1999年7月29日(木)午後7時から8時45分
京王プラザホテル 3階グレースルーム
参加者;170名
参加費;1000円(飲み物付き)

めずらしく2次交流会にも参加
会場;新宿西口「和民」
参加者;35名程度
参加費;3000円
京王プラザホテルの全景写真

 京王プラザホテルは、対聴覚障害者サービスについて東京では最も積極的なホテルだと思う。その根拠は、一つには、フロント業務を担当されている方を中心とした自主的な手話サークルがある、ということだが、もう一つには、実際のホテル業務の中に、その成果を柔軟にどんどん取り入れていることがある。
 フロントにおける手話の対応はもちろんだが、宿泊客への聴覚障害者対応コミュニケーション機器の用意には、特筆すべきものがある。ナント独自の機器開発まで行ってしまったのである。

<京王プラザホテル・システムファイブコミュニー&パーム>

ベッドサイドに用意されたバイブレーション。アラーム・ドアノック・ファクス・電話に反応し、振動する。

 客室ドアの内側には、ドアノックセンサーが取り付けられ、ノック音(2回以上連続のみ)を感じるとランプが点滅・バイブレーターが振動し、聴覚障害者に知らせるわけだ。

これがパーム。筆談機。手書きの文字を送受信できる同時筆談機。これはスゴイ! フロントやルームサービスと客室の間で相互にこれを使って筆談でやり取りする訳です。これまでは外線経由のFAXが精一杯だったのですが、これは「同時」というところが良いですね。いちいちFAXの返事を待つ必要もありません。

(写真は京王プラザホテルのチラシから転載させていただきました。)

<その京王プラザ手話教室の講演会>

  講師は、全通研副運営委員長の石川芳郎さん。
 期待しない訳にはいかなかった。(なぜか、私は「介護保険と聴覚障害者」というテーマで話されるとばかり思い込んでいて、受付でもらい損なったレジュメを休憩時間にもらうまで「いつ介護保険の話しが出るんだろう?」と「ワクワクしながら(?)」待っていた。)

 なるほどチラシを読むと

「耳が聞こえないとはどういうこと? 聞こえないと日常生活にどんな不便があるのでしょうか・・・。
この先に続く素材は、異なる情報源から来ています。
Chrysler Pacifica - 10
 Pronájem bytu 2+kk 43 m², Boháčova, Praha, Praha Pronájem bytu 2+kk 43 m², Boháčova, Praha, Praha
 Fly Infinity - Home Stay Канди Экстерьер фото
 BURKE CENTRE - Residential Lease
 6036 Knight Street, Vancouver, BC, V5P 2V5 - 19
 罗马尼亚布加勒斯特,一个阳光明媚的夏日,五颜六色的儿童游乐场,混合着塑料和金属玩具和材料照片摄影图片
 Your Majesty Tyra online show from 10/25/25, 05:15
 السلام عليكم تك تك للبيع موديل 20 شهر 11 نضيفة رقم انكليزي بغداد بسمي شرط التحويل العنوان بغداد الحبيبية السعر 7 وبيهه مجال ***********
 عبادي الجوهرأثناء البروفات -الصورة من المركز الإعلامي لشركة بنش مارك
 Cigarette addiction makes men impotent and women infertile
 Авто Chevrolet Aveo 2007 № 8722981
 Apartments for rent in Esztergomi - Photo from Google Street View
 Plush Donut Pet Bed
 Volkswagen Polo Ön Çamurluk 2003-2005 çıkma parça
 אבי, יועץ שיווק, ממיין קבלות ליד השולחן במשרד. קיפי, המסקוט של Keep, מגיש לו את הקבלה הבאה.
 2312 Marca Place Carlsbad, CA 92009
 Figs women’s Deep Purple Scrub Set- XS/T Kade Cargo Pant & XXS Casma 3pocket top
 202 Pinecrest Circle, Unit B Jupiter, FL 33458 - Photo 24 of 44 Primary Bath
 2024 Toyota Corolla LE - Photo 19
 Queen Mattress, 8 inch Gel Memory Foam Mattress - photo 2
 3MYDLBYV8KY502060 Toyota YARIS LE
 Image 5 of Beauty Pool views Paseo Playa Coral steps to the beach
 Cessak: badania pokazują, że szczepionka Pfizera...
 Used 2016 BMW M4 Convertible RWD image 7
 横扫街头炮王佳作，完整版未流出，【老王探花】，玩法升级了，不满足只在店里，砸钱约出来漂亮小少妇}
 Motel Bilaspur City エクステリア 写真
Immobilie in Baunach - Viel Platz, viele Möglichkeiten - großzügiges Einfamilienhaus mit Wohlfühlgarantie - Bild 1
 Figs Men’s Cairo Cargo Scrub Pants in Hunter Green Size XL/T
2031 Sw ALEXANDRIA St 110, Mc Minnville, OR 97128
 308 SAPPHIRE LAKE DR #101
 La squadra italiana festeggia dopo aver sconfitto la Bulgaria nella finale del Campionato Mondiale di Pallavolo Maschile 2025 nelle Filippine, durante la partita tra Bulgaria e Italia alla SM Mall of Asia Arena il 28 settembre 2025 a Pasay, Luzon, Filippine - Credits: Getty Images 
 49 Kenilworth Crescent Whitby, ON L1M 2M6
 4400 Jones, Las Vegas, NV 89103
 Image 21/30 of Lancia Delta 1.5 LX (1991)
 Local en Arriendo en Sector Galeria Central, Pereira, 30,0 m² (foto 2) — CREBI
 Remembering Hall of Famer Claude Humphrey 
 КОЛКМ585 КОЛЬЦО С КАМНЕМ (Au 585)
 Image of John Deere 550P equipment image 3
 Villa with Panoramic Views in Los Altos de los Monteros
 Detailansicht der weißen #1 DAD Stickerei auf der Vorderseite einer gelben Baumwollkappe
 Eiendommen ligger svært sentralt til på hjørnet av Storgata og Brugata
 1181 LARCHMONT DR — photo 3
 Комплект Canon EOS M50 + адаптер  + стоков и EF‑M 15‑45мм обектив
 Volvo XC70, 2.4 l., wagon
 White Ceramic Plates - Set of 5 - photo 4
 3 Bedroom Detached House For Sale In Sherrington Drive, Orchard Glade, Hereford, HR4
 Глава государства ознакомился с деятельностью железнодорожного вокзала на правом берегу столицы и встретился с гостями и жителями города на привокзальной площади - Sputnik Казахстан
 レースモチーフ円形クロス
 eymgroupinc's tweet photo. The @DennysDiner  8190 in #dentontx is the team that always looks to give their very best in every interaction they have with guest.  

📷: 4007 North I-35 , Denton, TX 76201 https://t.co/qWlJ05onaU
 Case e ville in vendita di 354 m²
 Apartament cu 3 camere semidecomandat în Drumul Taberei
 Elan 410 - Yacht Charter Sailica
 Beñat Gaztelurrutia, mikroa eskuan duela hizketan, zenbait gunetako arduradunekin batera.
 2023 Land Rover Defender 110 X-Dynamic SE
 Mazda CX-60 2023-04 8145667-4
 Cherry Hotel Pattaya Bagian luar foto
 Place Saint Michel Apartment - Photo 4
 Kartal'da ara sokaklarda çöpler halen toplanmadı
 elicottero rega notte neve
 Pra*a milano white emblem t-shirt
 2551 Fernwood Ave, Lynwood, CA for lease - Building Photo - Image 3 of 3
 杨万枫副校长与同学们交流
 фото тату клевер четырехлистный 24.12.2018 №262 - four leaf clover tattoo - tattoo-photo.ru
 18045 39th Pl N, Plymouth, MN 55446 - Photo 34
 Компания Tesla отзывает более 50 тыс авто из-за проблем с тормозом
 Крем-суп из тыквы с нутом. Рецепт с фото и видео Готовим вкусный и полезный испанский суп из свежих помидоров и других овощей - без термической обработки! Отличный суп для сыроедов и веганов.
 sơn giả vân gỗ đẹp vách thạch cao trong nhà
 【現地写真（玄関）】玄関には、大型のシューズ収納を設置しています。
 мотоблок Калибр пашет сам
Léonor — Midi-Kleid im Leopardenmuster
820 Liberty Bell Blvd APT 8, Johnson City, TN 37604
いつでもどこでもFAXや字幕付きのテレビ番組が利用できたら、どんなに聞こえない人にとって便利な世の中になるでしょう・・・。
 今回は聴覚障害に対する理解、聴覚障害者の働く環境について、また聞こえないお客様とのコミュニケーションやサービスのあり方を、とりわけ観光業界に焦点をあててお話しをしていただきます。

 とある。(全然認識してなかった!)
 レジュメのタイトルは「手話、ろうあ者、不便さの減少を」となっている。
 石川さん自身のろうあ者との出会い、なぜ手話を学ぶようになったかを引き合いにして、聞こえない障害とはどんなことなのか、手話を学ぶとはどういうことなのか、について丁寧かつユーモアたっぷりにお話しいただいた。
 講演の内容については、石川さんが用意されたレジュメの「まとめとして」の部分を勝手に転載する。

<感想> 

 個人的には何度も聞いた事のある石川さんの「聴覚障害者問題入門講座」。
 「聞き飽きた」という訳ではないけれど、講演中ずっと何か心の中に引っかかるものがあった。それは、石川さん自身も冒頭に話されていたように<健聴者がろう者の暮らしを語る>ことの不自然さみたいなものだったように思う。「ろう者と共に活動してきた立場で不便を感じたこと」と断り書きをいれて石川さんは話されたが、こうした健聴者向けの「入門講座」であるからこそ、聞こえない人自身が語る以外にないように感じた。